- **Task instructions**:
For every line in the data below, check for the word "from", then state how many lines have it. Answer with the number only.

- **Data provided**:
══════════════════════════════

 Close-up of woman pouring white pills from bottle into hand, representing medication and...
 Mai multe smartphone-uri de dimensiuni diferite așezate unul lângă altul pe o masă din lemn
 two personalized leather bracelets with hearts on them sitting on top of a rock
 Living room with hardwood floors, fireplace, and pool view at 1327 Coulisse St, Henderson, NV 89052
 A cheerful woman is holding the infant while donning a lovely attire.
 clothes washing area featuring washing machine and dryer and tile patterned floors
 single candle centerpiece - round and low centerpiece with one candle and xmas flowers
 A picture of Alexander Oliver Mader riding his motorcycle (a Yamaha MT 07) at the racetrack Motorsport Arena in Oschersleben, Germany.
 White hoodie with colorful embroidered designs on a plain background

══════════════════════════════

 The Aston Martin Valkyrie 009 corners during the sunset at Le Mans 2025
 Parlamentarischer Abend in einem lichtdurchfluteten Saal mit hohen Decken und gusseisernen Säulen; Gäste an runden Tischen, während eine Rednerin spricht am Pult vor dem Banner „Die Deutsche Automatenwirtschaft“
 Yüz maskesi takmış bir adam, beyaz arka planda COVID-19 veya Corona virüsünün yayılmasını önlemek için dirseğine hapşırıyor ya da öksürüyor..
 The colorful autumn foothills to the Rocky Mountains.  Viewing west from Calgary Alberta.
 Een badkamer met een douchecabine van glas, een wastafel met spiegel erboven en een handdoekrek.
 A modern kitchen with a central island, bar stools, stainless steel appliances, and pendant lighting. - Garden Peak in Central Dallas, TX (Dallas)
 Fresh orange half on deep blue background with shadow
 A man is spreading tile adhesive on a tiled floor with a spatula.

══════════════════════════════

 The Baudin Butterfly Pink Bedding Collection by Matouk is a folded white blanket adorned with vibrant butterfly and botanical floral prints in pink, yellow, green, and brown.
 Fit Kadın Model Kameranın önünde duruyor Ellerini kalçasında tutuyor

══════════════════════════════

- **Exercise solution**:
2